In the useGeolocation function, we create the latitude and longitude reactive data with ref. In the successCallback callback, we get the user’s geolocation and assign the latitude and longitude values to the corresponding reactive data.

In the onMounted hook, we call the navigator.geolocation.getCurrentPosition method to get the geolocation. In the onBeforeUnmount hook, we call the navigator.geolocation.clearWatch method to cancel the geolocation acquisition.

By doing this, we can reuse the logic of obtaining geolocation in multiple components without having to rewrite the same code in each component.

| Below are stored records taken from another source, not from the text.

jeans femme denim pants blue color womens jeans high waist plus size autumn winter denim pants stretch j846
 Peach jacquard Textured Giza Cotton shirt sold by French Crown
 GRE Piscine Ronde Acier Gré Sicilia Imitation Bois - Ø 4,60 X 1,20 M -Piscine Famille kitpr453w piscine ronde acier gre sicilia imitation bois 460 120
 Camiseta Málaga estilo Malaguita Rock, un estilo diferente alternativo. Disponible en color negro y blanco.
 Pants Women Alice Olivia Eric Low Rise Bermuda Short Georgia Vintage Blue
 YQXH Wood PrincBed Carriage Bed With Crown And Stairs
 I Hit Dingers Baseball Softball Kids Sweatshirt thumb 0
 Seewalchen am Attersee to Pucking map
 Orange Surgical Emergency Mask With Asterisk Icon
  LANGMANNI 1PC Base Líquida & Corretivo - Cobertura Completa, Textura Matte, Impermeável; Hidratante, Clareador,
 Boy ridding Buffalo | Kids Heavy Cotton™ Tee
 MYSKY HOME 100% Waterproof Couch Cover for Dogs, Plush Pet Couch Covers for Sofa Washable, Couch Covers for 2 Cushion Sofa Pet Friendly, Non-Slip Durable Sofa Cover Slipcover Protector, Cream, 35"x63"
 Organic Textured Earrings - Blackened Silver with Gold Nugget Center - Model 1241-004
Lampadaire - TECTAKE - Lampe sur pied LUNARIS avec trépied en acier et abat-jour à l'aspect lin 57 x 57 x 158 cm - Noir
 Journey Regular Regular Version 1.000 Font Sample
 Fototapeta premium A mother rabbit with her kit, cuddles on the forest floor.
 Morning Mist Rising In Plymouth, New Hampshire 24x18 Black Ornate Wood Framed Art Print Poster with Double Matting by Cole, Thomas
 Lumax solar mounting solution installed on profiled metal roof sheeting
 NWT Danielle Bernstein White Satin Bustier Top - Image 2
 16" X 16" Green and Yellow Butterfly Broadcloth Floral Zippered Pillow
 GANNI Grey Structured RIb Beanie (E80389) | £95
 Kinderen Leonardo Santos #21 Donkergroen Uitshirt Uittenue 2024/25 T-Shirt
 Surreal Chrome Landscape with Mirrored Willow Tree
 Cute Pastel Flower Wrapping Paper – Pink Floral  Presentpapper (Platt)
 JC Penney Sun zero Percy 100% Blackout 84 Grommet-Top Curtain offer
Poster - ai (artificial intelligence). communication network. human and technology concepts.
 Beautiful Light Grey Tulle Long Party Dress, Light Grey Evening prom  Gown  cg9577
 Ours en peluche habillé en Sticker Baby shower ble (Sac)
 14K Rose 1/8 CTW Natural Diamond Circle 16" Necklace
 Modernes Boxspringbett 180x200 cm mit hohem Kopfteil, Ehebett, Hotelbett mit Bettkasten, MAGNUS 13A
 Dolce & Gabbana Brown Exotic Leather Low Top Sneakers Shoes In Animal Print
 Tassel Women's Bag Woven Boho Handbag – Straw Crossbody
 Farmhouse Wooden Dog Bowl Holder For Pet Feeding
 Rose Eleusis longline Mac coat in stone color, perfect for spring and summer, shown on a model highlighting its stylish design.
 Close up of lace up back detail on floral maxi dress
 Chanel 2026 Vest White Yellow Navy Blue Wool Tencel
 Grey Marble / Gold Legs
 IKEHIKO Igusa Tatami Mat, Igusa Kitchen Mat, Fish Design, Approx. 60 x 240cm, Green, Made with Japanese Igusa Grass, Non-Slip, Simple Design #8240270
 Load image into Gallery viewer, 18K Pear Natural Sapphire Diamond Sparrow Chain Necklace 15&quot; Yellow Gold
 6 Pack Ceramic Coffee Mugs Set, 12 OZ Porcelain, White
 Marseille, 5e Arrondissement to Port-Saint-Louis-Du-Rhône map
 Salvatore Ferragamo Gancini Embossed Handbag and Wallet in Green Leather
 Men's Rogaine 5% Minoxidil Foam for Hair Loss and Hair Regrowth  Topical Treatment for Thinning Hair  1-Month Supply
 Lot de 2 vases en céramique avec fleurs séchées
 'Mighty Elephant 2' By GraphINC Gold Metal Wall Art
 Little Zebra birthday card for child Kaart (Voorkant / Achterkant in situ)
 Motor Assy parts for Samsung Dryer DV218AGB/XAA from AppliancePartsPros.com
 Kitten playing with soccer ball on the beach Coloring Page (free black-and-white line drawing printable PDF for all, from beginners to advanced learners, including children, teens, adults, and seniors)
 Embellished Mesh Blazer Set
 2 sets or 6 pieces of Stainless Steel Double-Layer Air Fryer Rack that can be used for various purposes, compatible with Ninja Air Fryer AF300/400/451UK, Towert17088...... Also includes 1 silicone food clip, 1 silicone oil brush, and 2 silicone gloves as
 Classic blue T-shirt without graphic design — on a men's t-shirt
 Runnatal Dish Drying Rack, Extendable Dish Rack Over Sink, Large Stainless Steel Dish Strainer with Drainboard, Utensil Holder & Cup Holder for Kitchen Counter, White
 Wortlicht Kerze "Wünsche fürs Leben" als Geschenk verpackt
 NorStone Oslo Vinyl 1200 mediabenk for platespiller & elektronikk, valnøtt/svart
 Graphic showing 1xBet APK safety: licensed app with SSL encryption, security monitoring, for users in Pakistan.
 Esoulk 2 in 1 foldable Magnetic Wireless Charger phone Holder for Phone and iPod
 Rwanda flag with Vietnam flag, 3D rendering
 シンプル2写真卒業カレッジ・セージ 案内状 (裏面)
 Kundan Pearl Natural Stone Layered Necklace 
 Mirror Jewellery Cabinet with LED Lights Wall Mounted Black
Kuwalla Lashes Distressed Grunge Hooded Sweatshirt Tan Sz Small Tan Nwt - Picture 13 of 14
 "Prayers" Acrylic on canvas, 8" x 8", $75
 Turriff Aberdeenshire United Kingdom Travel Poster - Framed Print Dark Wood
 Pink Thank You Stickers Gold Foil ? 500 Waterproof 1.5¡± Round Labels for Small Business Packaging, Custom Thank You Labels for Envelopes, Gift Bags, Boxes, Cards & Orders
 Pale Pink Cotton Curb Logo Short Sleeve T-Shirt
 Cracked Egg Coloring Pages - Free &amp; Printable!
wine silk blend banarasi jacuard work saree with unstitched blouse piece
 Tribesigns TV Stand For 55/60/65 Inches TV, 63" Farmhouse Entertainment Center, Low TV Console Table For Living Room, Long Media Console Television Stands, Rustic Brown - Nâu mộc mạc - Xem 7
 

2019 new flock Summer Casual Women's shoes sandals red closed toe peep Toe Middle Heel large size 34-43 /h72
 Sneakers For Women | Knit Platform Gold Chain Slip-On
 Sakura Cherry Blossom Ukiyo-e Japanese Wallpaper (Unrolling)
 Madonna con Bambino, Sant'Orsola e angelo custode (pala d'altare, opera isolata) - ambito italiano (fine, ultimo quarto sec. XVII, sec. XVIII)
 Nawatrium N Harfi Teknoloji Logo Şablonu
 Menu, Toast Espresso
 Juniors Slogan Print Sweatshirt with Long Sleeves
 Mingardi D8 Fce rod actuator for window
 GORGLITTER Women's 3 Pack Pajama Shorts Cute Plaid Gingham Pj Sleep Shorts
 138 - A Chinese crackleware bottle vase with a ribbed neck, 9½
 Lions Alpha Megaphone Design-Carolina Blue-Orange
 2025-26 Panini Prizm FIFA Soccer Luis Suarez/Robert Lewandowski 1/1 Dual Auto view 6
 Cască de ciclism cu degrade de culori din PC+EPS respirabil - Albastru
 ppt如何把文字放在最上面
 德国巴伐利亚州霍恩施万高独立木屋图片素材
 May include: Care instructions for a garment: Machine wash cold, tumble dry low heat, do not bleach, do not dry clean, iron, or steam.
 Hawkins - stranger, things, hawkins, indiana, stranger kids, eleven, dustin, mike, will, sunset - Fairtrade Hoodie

This enhances the reusability and maintainability of the code and makes the logic clearer.

Summary of the Composition API

Finally, let’s summarize the best practices for developing with the Composition API:

Single responsibility principle: Group related logic and state into a single custom function to make the code clearer and more maintainable.
Use reactive functions: Use ref to wrap basic data types and reactive to wrap objects or arrays for reactive tracking.
Use computed: Create computed properties using the computed function to dynamically calculate values based on dependent data, avoiding redundant calculations and manual dependency tracking.
Use watch: Use the watch function to observe changes in reactive data and execute corresponding operations, such as sending network requests, updating states, etc.
Combine multiple functions: Logic can be composed by calling multiple custom functions, making the code more reusable and testable.
Use provide and inject: Use the provide function in the parent component to provide data, and then use the inject function in the child component to inject these data to achieve cross-component data sharing.
Utilize lifecycle hooks: Use lifecycle hooks such as onMounted, onBeforeUnmount, etc., to execute corresponding operations, such as subscribing to events, sending requests, etc.
Separate side-effect code: Place code that has side effects (such as timers, network requests, etc.) in onMounted and onBeforeUnmount hooks to ensure correct initialization and cleanup.